I feed mine Duplarin G, a powder for nano fish. Also drop some artemia eggs (shell less) drop daily.

They are on a 35l tank, got 10, but rarely see them as the tank is full of needle java fern and moss.


___________________________


----------



## dw1305 (16 Feb 2012)

Hi all,


> artemia eggs (shell less)


 I like these as well decapsulated BBS, I get mine from "A World of Fish" via Ebay or TA Aquaculture do them as well. I'd recommend both these sellers.


> Feeding them with Cyclop-eeze (powder not the flake) which works perfectly for these or smaller kind of nano fishes. This also makes really good color on any fish.


 Another good call, it is the Astaxanthin (Carotenoid) in both Cyclops and BBS that makes the fish colour up. You can also get the same effect from the Astax Red Crumb TA Aquaculture sell.

cheers Darrel


----------



## printf (16 Feb 2012)

Cheers for all the replies, some useful info there.   

The ZM-300 I use sounds like it would be the equivalent of the powders mentioned, in the interest of buggering about with something I haven't done before I think I might try to culture some worms as well.
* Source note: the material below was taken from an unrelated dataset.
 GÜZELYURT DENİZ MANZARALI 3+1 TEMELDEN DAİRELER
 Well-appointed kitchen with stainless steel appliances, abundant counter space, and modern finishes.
Regarding Cyclopeeze, I keep marine as well and have got a frozen bar that I use - has anyone ever tried the frozen version in a freshwater setup ?


----------



## spyder (16 Feb 2012)

Hikari Micro Pellets and frozen micro bloodworms. Mine love em both and the HMP's float a good while and sink fairly slowly.


----------



## dw1305 (16 Feb 2012)

Hi all,


> The ZM-300 I use sounds like it would be the equivalent of the powders mentioned, in the interest of buggering about with something I haven't done before I think I might try to culture some worms as well.


The ZM systems food and kit is all really good quality, they sell a lot to Universities etc. It just works out quite expensive if you buy large amounts of food. 

PM me if struggle to get worm cultures, I'm away next week (although I should have access to the WWW) but I can send some the week after.

cheers Darrel


----------



## printf (16 Feb 2012)

Thanks for the offer Darrel, I'll see how I get on and get back to you if I have no joy.


----------